= Aldon Lewis Lenard =

Canadian athlete (1921–2007)

Aldon Lewis Lenard (January 6, 1921 in northern Italy - February 23, 2007 in Kingston, Ontario, Canada) was an athlete, university professor, athletics administrator, coach, and referee.

Lenard was born in Italy and moved to Canada with his family at age three. They settled in Windsor, Ontario, where Lenard completed high school and played a range of sports, including football, basketball, and track and field. He played semi-professional football with the Hamilton Flying Wildcats and the Hamilton Tigers (today merged into the Hamilton Tiger-Cats of the Canadian Football League) in the Ontario Rugby Football Union for two seasons, and was a quarterback, kicker, and defender. He was a national All-Star for two seasons.

He joined the Royal Canadian Navy in 1941, served for four years during World War II, and won a number of field events at service meets, such as the discus and the javelin.

At the war's end, Lenard enrolled in the Physical and Health Education (today the Kinesiology and Health Studies) program at Queen's University. He played football and starred at quarterback, and won the Jenkins Trophy as the outstanding student-athlete in his graduating year, 1950. He was a conference All-Star for two seasons. He was a member of the first-ever class to graduate from Queen's with undergrad degrees in physical and health education. He also played varsity basketball, golf, track and field, swimming, and softball for Queen's.

Lenard then enrolled in a Master's program at the University of Michigan. He did his doctorate at the University of Illinois, and returned to Queen's in 1954 to join the faculty, teaching both undergraduate and graduate courses. He was eventually appointed as full professor.

He became an assistant football coach at Queen's in 1954, and stayed with that until 1970, contributing to Queen's first Vanier Cup title in 1968 under head coach Frank Tindall; Queen's also won eight Yates Cup titles during that stretch, out of 17 seasons. There was no true Canadian national university football championship prior to 1965, but the Old Four league, which comprised Queen's, the University of Toronto, McGill University, and the University of Western Ontario, was generally respected as the top university football league in the country.

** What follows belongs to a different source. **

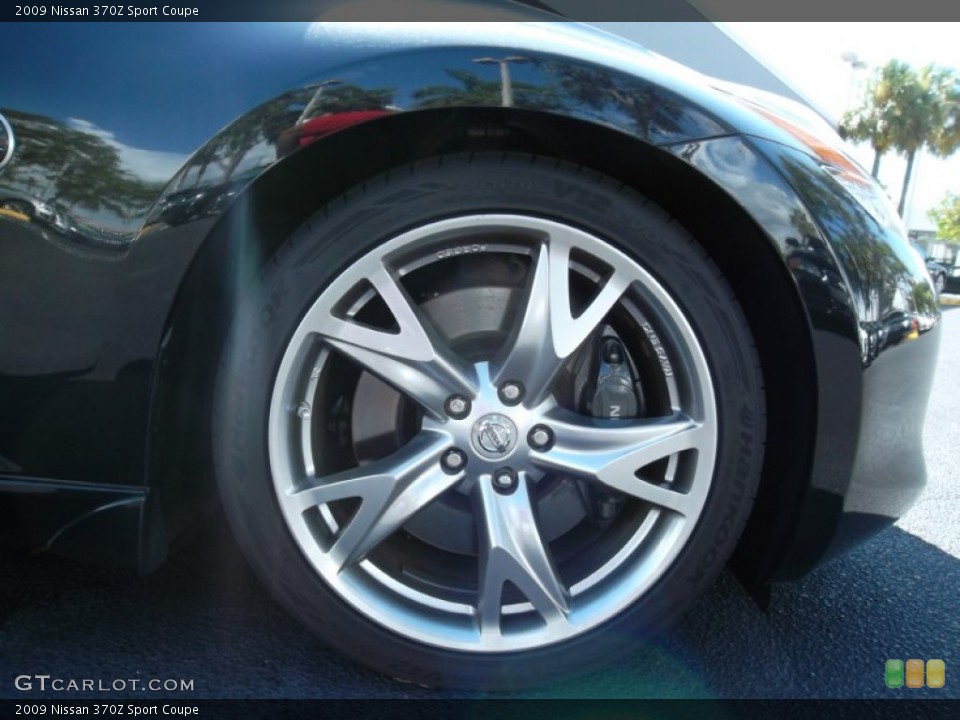 2009 Nissan 370Z Sport Coupe Wheel and Tire Photo #54450984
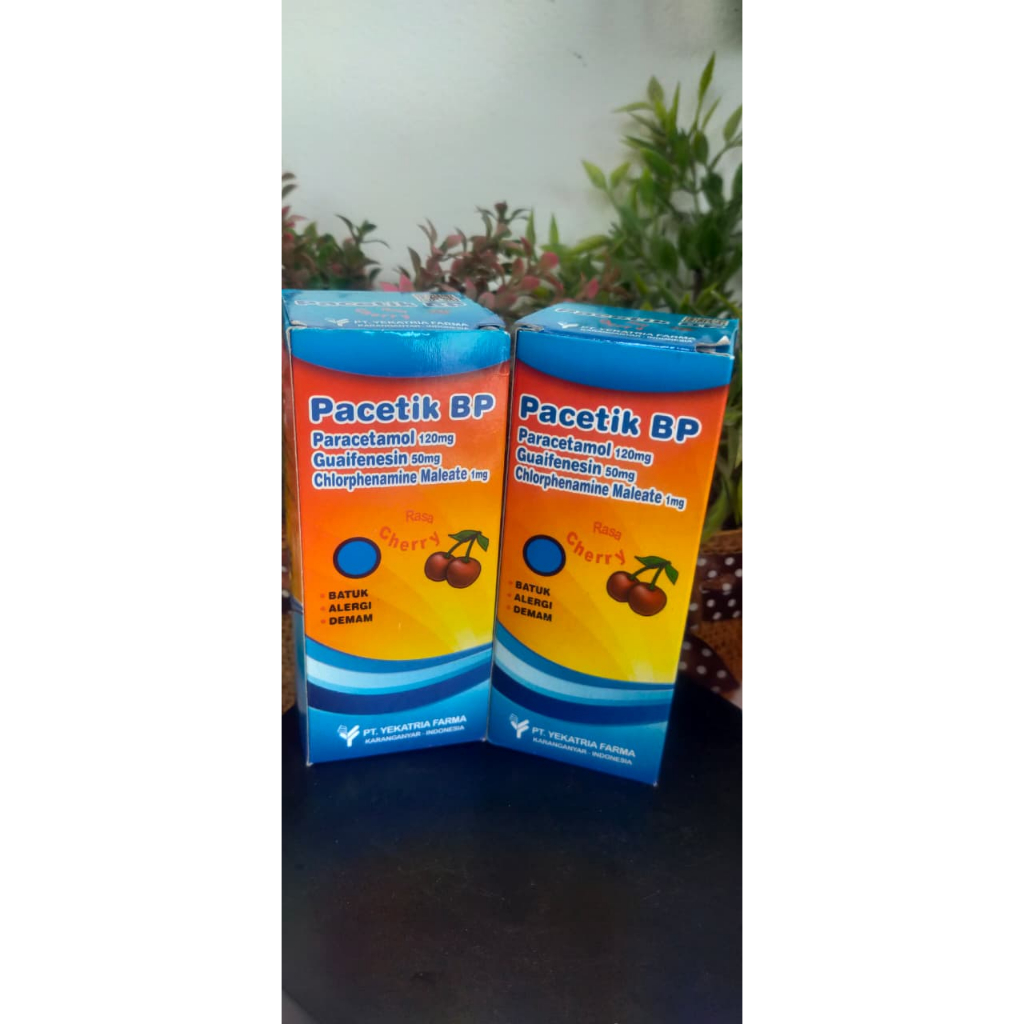 PACETIK BP SIRUP 60 ML | SYRUP PACETIK UNTUK DEMAM BATUK PILEK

Lenard also coached the golf team with success for many years into the 1980s, winning several conference titles.

He was appointed in 1963 as Athletic Director for Queen's, and served in that post for 20 years, until 1983. During that time, from 1972, the Ontario University Athletics Association (OUAA, today Ontario University Athletics (OUA)) group unified its operations to include all provincial institutions which wanted to compete, under one league structure; before that, there had been several separate leagues. Lenard led the move to overcome resistance to change. Today, the OUA, with 19 member institutions, is the largest university sports conference in the world.

Under Lenard's leadership, Queen's expanded from 19 to 42 varsity teams, the most in the country, and fielded teams in every available varsity sport. Queen's also opened a new and greatly expanded athletics complex in 1971, to meet rising enrollment from baby-boomers who were reaching university age.

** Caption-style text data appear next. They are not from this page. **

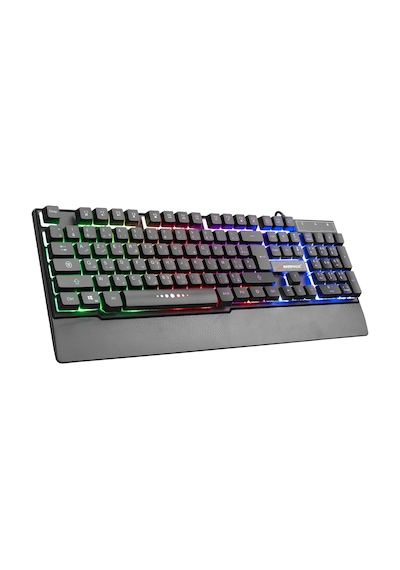 Rampage KB-R66 Bubble USB Gökkuşağı Aydınlatmalı Multimedia Oyuncu Klavye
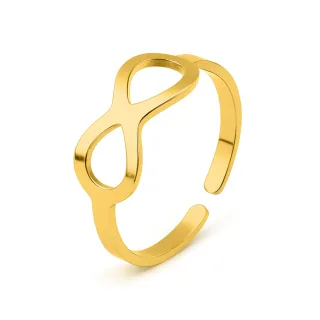 Luxenter Ring mit 18-karätiger Gelbgold-Beschichtung – Ziko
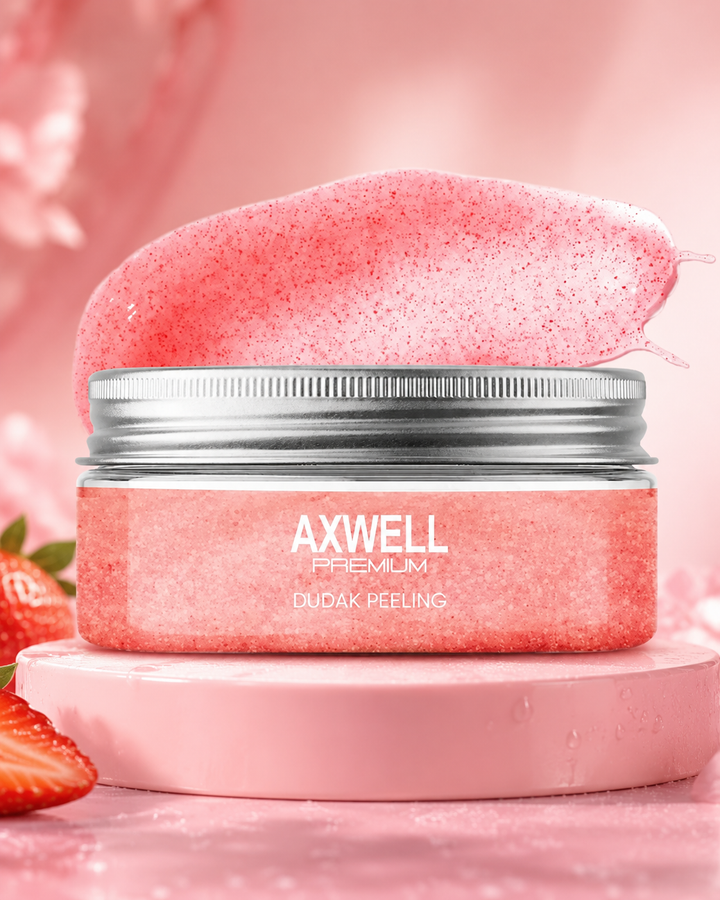 Axwell Çilek Aromalı Dudak Bakım Peeling 30ml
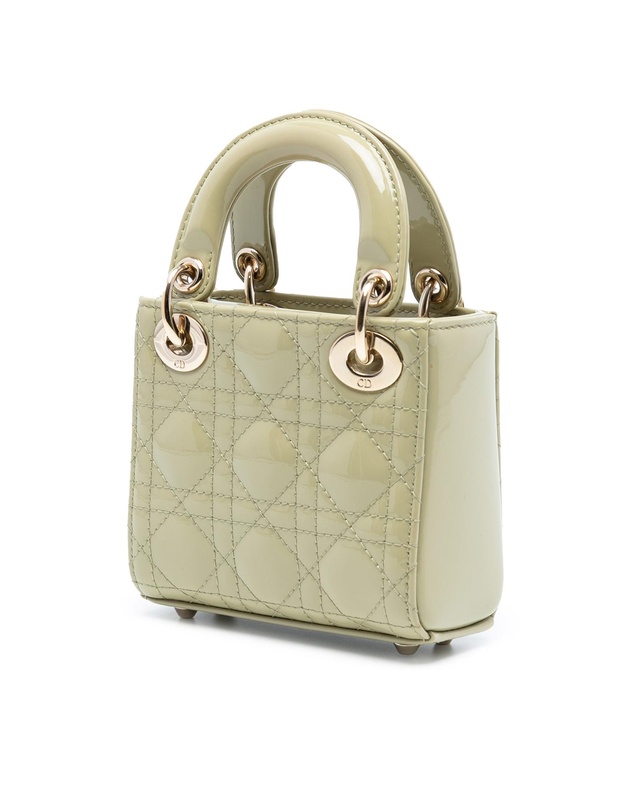 Pre-Loved by Azura Reborn - Pre-Loved Micro Patent Cannage Lady Dior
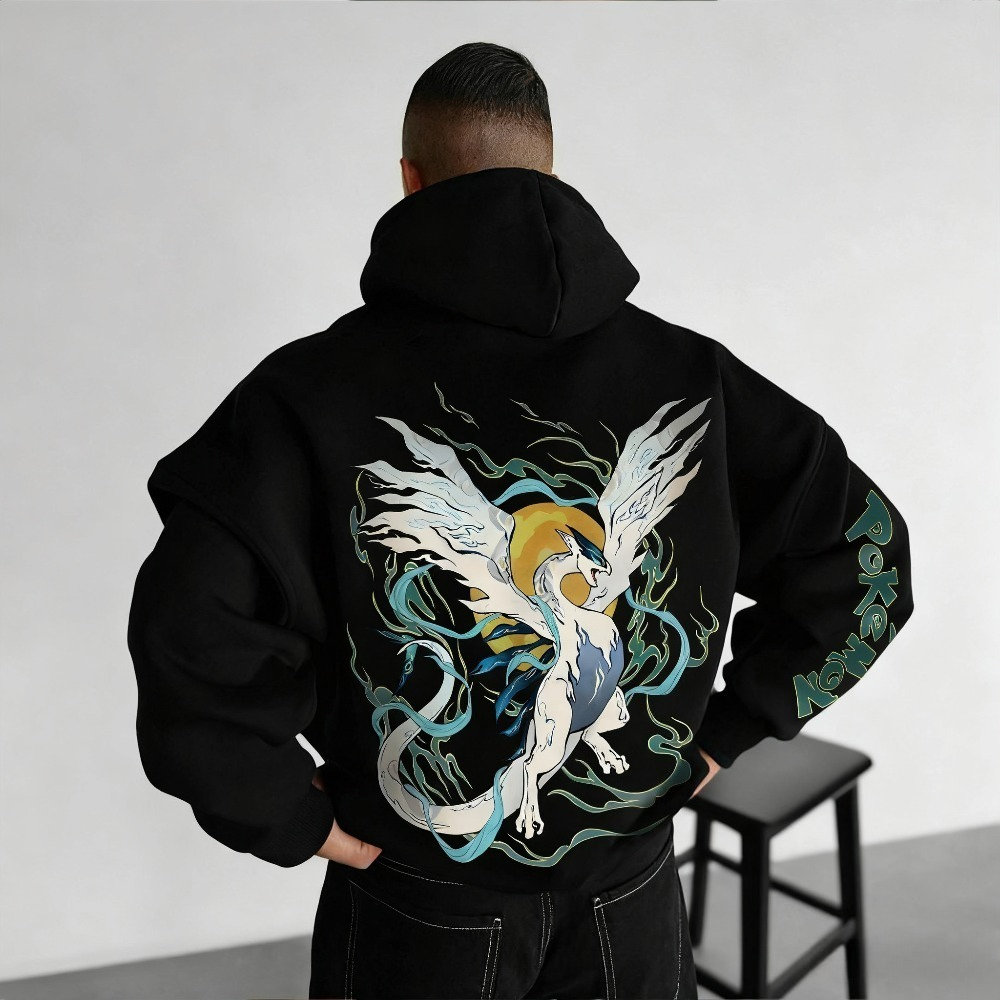 Winter Clothing Japan - Pokémon Lugia Original Anime Bedruckter Herrenpullover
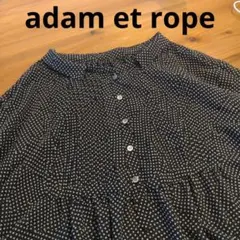 adam et rope ドット柄 長袖 ブラウス 38 日本製のサムネイル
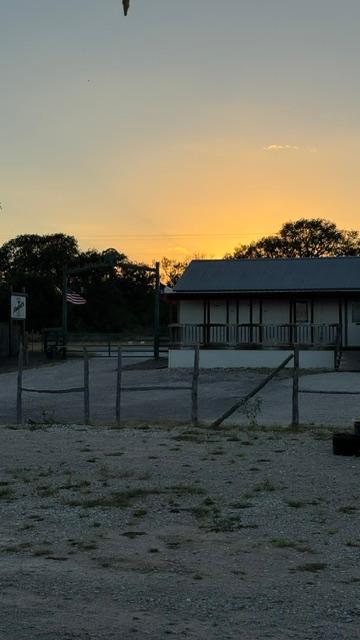 I caught the sunset this evening as the dogs were barking in the house. I thought maybe someone was here...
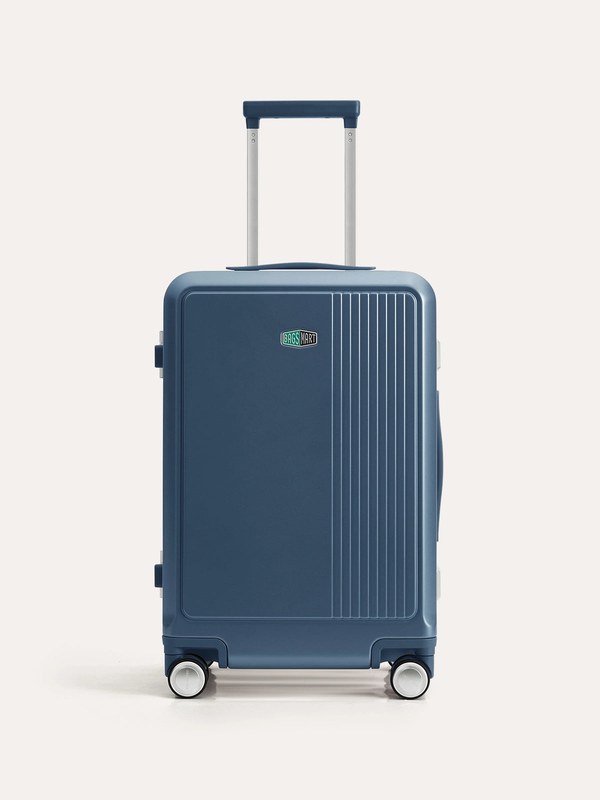 Bagsmart Pebble 20 inch carry-on suitcase in blue with spinner wheels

Lenard was elected President of the National Athletic Director's Association in 1972, and Vice-President of the Canadian Interuniversity Athletic Union (CIAU, today Canadian Interuniversity Sport (CIS)) in 1973. He served as Chairman of the CIAU Administrative Council from 1973 to 1974, Chairman of the OUAA Administrative Council from 1974 to 1976, and President of the OUAA from 1980 to 1988.

He was also a basketball referee for 12 seasons, and managed the Kingston City Basketball League.

Lenard was a recipient of the J.P. Loosemore Award from the OUAA for outstanding service to university athletics. He was inducted into the Queen's University Golden Gaels Football Hall of Fame, the Queen's University Golden Gaels Coaches' Hall of Fame, and the Kingston and District Sports Hall of Fame.

Lenard wrote the book How to Play Canadian Football.

He had won the inaugural Kingston City Golf Championship in 1957, and many more golf club championships and local events. Lenard continued to compete very avidly and successfully at golf, bowling, and curling, until suffering a stroke in 2001 at age 80, from which he lost the use of his right side. His final years were quiet, but he lived to see the planning for the Queen's Centre, the next generation Athletics and Student Life Centre for the campus. This new project was the most complex and most expensive (slated for $230 million) ever undertaken at any Canadian university, and had its groundbreaking ceremony on March 2, 2007.

Lenard died at age 86 in Kingston on February 23, 2007. His wife Jean, whom he had married in 1946, died ten days later, on March 7, 2007.